Оригинал взят у
ВО ЧУЖОМ ПИРУ ПОХМЕЛЬЕ
(на сцене и за кулисами)
ДЫРОЧКА
Репортаж из зала… нет, не суда, пока только, из зала семейных торжеств.
{C}{C}
На эстраде зала семейн. торж. лидирует на соляге Пенкин (гость ансамбля «Наташа»).
Сергей на басе, Вовчик на ударных, Валодя на ритме аккомпанируют ему. Гости свадьбы, как и положено гостям, кто во что горазд, лишь бы музыка, танцуют. Пенкин играет уверенно и эффектно, полу-сосредоточенно, полу-отрешённо. Тело, в такт синкопам ритма, отмечаемого дирижёрским притопыванием ногой, покачивается. Пальцы ловко бегают по грифу, завывая подтяжками, а взгляд, устремлённый внутрь, выражая невозмутимую доброжелательность, скользит над головами пляшущей, если можно так выразиться, под его дудку, весёлой публики. Пенкин один из лучших сологитаристов в городе Фрунзе и Валодя просто тащится от него. Одним словом, даже без свадебной гармошки — гармония. Благодаря чему, НатВит, вокалистка и душа группы «Наташа», спокойно может передохнуть за сценой, в коморке, в компании ещё двух гостей группы; как всегда томно-общительной жены Пенкина, Любы (девичья фамилия Шляга) и Ивана, представлять которого излишне, как и то, что Иван, как всегда, пьян.
НатВит, на своём месте в углу за столом, в роли радушной хозяйки, так сказать, гримёрки, руководит тесным, соответственно размерам закутка, застольем, пока ансамбль с Пенкиным обслуживает, присутствующих в зале гостей. Люба тараторит не умолкая, пытаясь отвлечь на себя внимание Ивана, расположившегося в кресле напротив НатВит, в тщетных попытках устроить, отягчённую лёгкими алкогольными парами, свою голову ей на колени:
— Натка, — бормочет он, — я… я.. вас всех люблю и… и уважаю. Натка… налей чуток… грамм двадцать… Натка… я…
НатВит с трудом отстраняет Ивана обратно в кресло, но тот вновь клонится вперёд, повторяя заклинания в уважениях, уверениях в любви и желании подкрепить эти уверения хоть чем, чем-нибудь крепким. Люба, в неизменной своей доброте к страждущим, устраивается на подлокотник кресла, в котором Иван не в состоянии обрести равновесие, берёт совсем поникшую голову и притягивает к своей груди:
— Ваня, Ваня, ну, иди ко мне, иди сюда…
Иван малоэнергично сопротивляется, как капризный ребёнок, пытаясь высвободиться из Любиных, не совсем материнских (у четы Пенкиных нет детей), объятий, но ему не удаётся вырваться из любвеобильного плена. Тут Люба, как бы вдруг, замечает что-то на кофте:
— Ой, у меня здесь дырочка! А я и не знала, ах!

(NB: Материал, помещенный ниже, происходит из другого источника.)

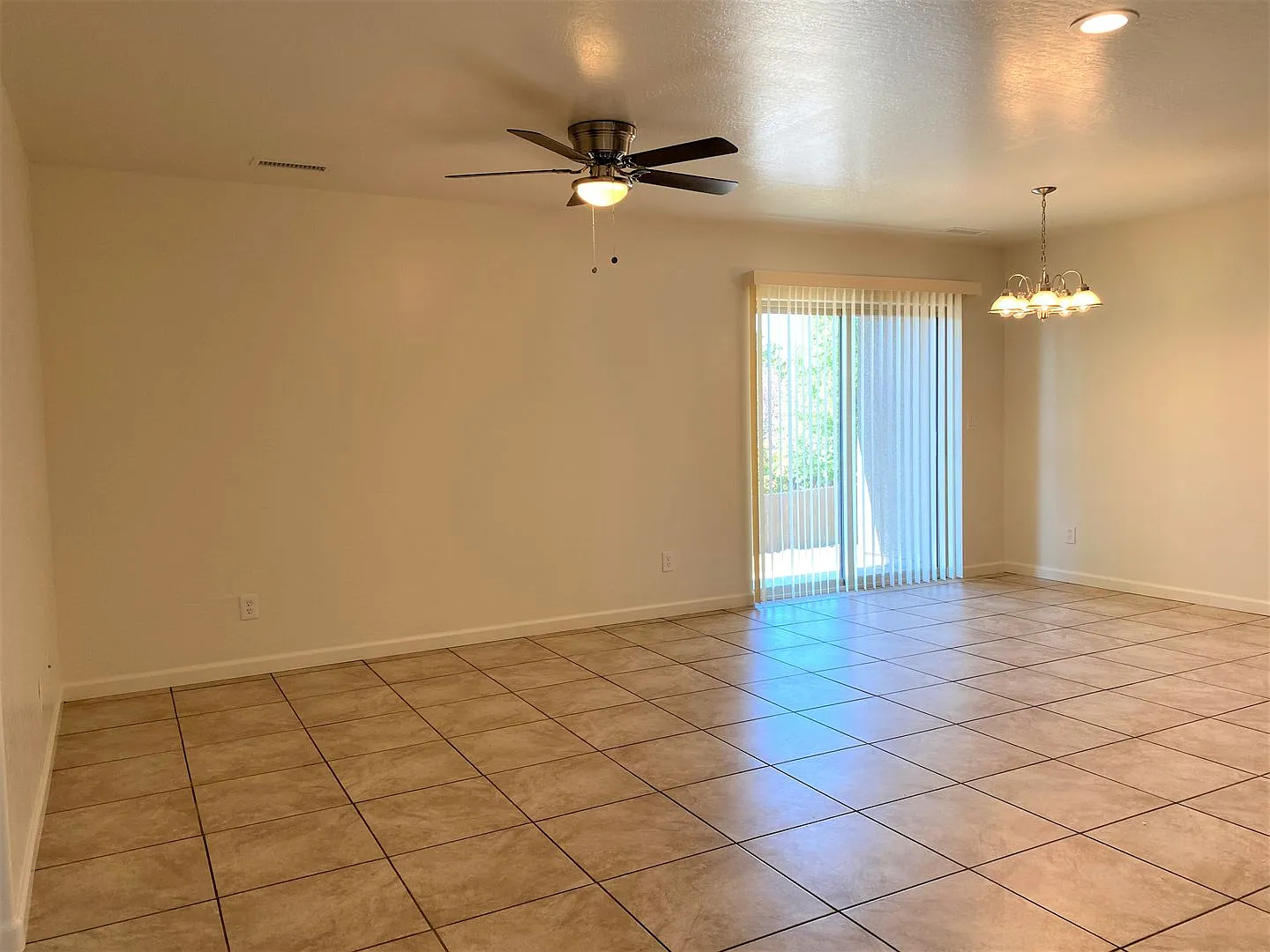 9501 E. Magma Drive — Photo 4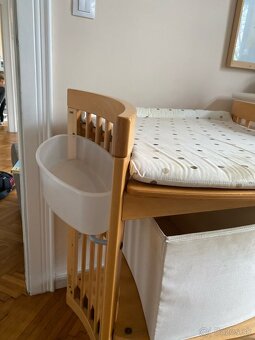 Stokke prebaovaci pult - masiv - 2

— Где дырочка? – слегка заинтересовывается Иван и тычет пальцем Любе в бок, на уровне её пупка и своего носа.
— Да вот же, вот, — подсказывает Люба, — только сейчас заметила.
Иван, наконец, находит дырочку, вставляет туда палец, не иначе как в намерение тотчас же заштопать, затем просовывает руку. Люба гладит его по головке. Иван, по локоть пропихнув руку Любе в кофту, шарит где-то внизу живота:
— Где дырочка? Ну-ка, ну-ка, где она?
Входит, разгорячённый игрой на гитаре, Пенкин. Окидывает лучезарным взором, широко открытых глаз, присутствующих в коморке, проверяя впечатление, произведённое его игрой. Люба поспешно высвобождается из, ставшей вдруг неудобной, полу-позы-полу-объятий, встаёт и, с видом несколько оскорблённой добродетели, отходит за открытую дверь, к силовому ящику. Голова Ивана и рука, лишённая приятной опоры, безвольно повисают на подлокотнике кресла. Пенкин подскакивает к Ивану, заламывает ему руку, упирается коленом в спину и наносит несколько резких ударов ребром ладони по шее. НатВит пытается оттащить его от беспомощного Ивана. Люба, из-за двери скомным голосом обращается к ней:
— Оставь их, они сами разберутся. Они ведь мужчины.